Okay, seriously, how much of those two gigatons could we eliminate through transit? Again, people were very timid about this. A report by SAIC for the American Public Transit Association (PDF) says that two-car households could reduce their carbon footprint by 30% if they use enough transit to get rid of one of the cars. Lame! I want to know what happens if they get rid of both cars!

Transit advocates seem very keen on telling you how much greenhouse gas would have been emitted if every transit rider had driven instead; the SAIC report gives it as 6.7 megatons, and on page 9 of this PDF from the APTA puts the figure at 4 to 25 megatons. Sounds impressive until you remember that the total annual transportation emissions are 2,000 megatons. You can kind of understand why they don't put it that way.

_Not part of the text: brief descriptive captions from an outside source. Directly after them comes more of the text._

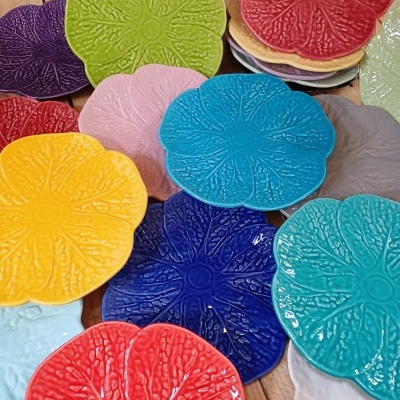 Placas cerâmicas coloridas com textura em forma de flor em várias cores sobre madeira clara.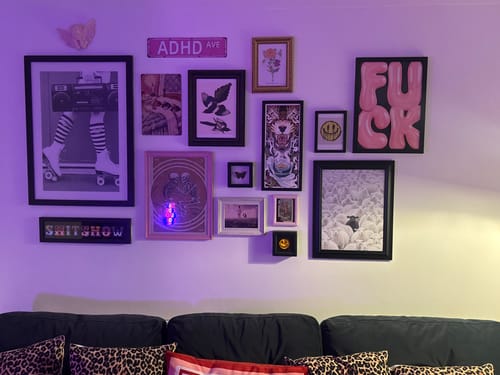 Customer's 'The Black Sheep' print in a black frame, displayed on a purple-lit gallery wall over a sofa.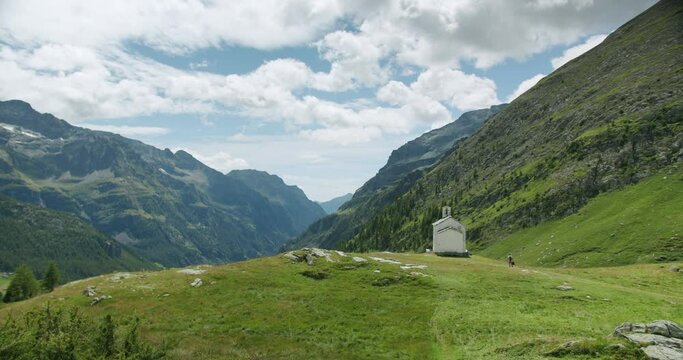 Wide shot of a small church in the Italian alps with a great landscape behind it. It is named Sant'Anna, and it's located in Gressoney La Trinitè, in Valle d'Aosta
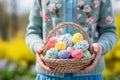 Childhood joy small hands holding easter basket with colorful eggs and traditional easter bread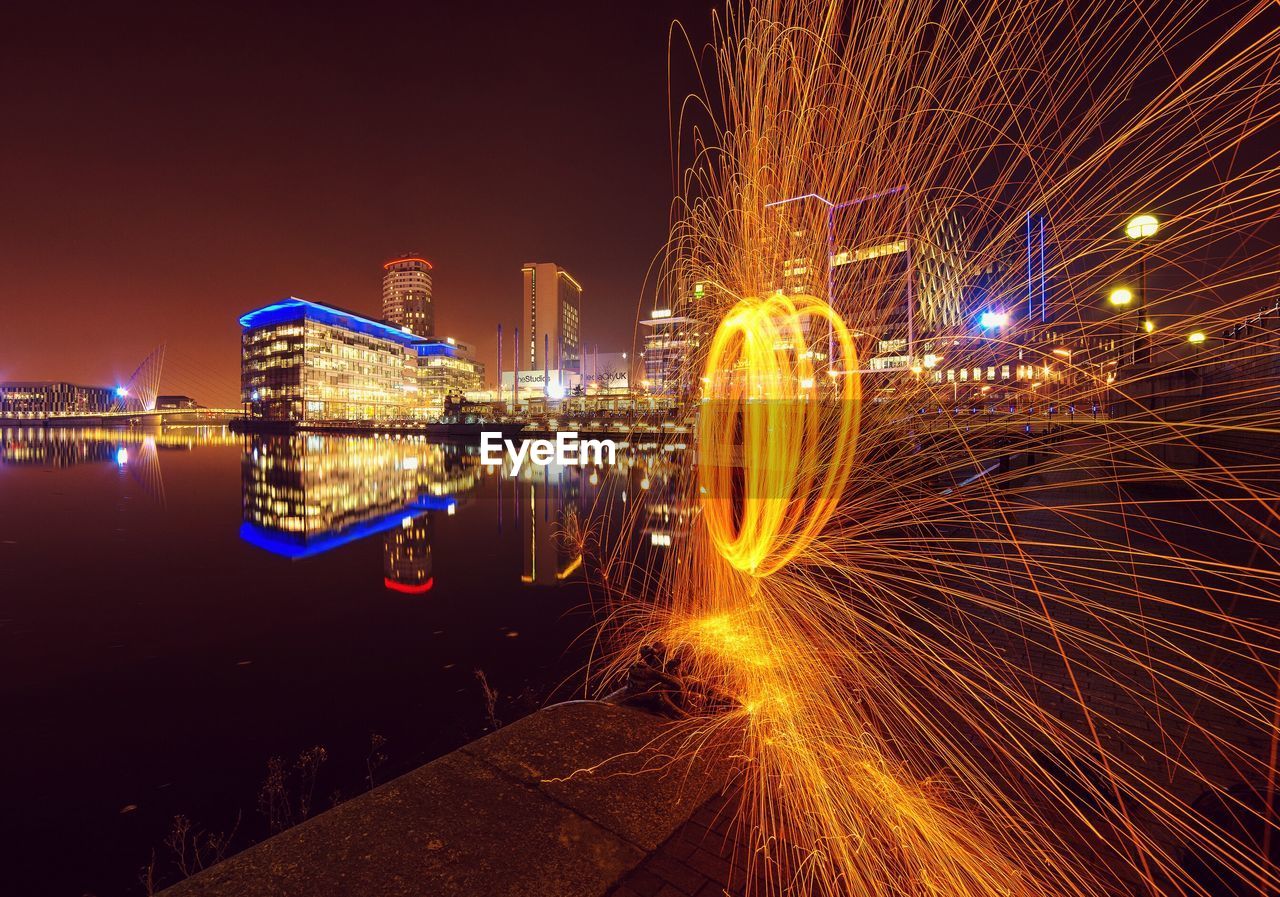 Wire wool and view of cityscape at night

Still, I'm happy for transit that it's sparing us from all those gases, but even though it's labeled in the SAIC report as "Potential Role of Public Transportation in Reducing CO2 Emissions," it's not. It's the current role. What is the potential role? Well, two University of South Florida researchers interpret the National Household Travel Survey to indicate that the mode share of transit is currently "1.59% of person-trips." In other words, one sixty-third of the total person-trips. So if we multiply that figure of 25 Mt by 63, we get 1,575 Mt.

So shifting the entire population of the US to transit would eliminate three-quarters of our transportation-related greenhouse gas emissions, and 22% of the total US emissions. How do we manage that? This APTA report (PDF) argues that a 10% annual compound growth in transit ridership would reduce annual carbon emissions by 142 Mt in 2020 and 910 Mt (13% of the total 2007 US emissions) in 2040. I personally think their model is limited and would like to see a logistic model that takes into account the increasing difficulty of shifting people to transit, but maybe that will appear later. It probably doesn't affect the estimates for 2040 significantly.

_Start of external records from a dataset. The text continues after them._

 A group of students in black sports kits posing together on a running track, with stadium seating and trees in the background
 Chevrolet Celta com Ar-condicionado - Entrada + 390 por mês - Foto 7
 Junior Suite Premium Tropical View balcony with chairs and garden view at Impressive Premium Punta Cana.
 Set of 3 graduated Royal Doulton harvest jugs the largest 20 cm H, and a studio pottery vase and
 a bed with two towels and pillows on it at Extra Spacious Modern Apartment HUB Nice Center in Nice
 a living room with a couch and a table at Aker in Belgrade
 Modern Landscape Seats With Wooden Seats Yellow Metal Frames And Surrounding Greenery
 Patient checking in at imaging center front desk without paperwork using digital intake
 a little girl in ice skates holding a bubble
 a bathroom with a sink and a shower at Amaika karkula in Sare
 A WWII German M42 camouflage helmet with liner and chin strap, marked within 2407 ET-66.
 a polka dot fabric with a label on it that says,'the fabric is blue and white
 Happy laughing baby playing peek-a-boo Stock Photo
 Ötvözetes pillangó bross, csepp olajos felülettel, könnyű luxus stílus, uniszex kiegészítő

Since the transportation sector only accounts for 29% of greenhouse gas emissions, other contributions will probably have to come from the commercial, industrial and residential sectors (agriculture is relatively small). But we can do a lot with transportation, if we can find the will.

12 comments:

  1. Transportation is the hardest in the sense that there's no good alternative to gas-powered cars yet for suburb-to-suburb transportation and family vacations. Industry and residences can be powered by renewables (and are when it's cheap enough, as in Iceland) - though some industrial emissions are not related to power generation and would remain.

    But the biggest obstacle is converting the grid to zero-emissions. The main problem there is cost rather than convenience or battery capacity, but it's a large cost. Unlike with transportation, there isn't a decades-long history of good planning telling people how to do it right, beyond "Don't build nuclear reactors with positive feedback loops."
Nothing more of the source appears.